A scenario we've seen play out a couple of times is this.
1. An Impala admin sets up memory-based admission control but sets the default query mem_limit to 0. This means that admission control will use memory estimates instead of mem_limit. Typically admins want some protection from large queries consuming excessive memory but can't or don't want to set a single mem_limit because the workload is unknown or unpredictable. This configuration has caveats and we recommend against it, but this happens and often works well enough as long as the workload is comprised of relatively simple queries. The caveats include:
- There is no enforcement that a query stays within the memory estimate. This means that a query can fail or force other queries to fail.
- Memory estimates are often inaccurate (this is unavoidable since they depend on cardinality estimates, which are commonly off by 10x even with state-of-the-art query planners). This means that runnable queries may be impossible to admit without setting a mem_limit.
2. Something changes about the workload, e.g. a new query is added, stats are computed, data size changes, we make an otherwise-innocuous planner change. Then we run into the second problem above and one or more queries cannot be executed, e.g. "Rejected query from pool root.foo: request memory needed 1234.56 GB is greater than pool max mem resources 1000.00 GB. Use the MEM_LIMIT query option to indicate how much memory is required per node. The total memory needed is the per-node MEM_LIMIT times the number of nodes executing the query. See the Admission Control documentation for more information. "

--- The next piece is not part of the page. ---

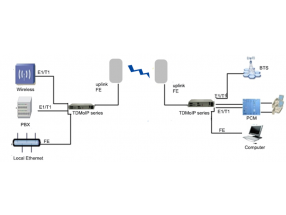 TDMoIP, 4~16 E1/T1  over 1 FE port converter Typical Application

The last problem is the problem this JIRA is intending to work around. The preferred solutions, which work most of the time, are:
- Configure a default query memory limit for the pool
- Set a mem_limit for the query
- Disable memory-based admission control and do admission control based on num_queries, which is simpler and easier to understand.
It would however, be useful to have a third fallback in cases where the first two options are difficult or impossible to apply. The basic requirement is to allow an administrator to configure a resource pool such that queries with very high estimates can run. We probably need enough flexibility that they can run concurrently with other smaller queries (i.e. the big query shouldn't take over the whole pool) and ideally we would also have a mem_limit applied to the query so that we're still protected from runaway memory consumption.
The long-term solution to this is IMPALA-6460. This is a short-term workaround that can tide users over until we have a comprehensive solution.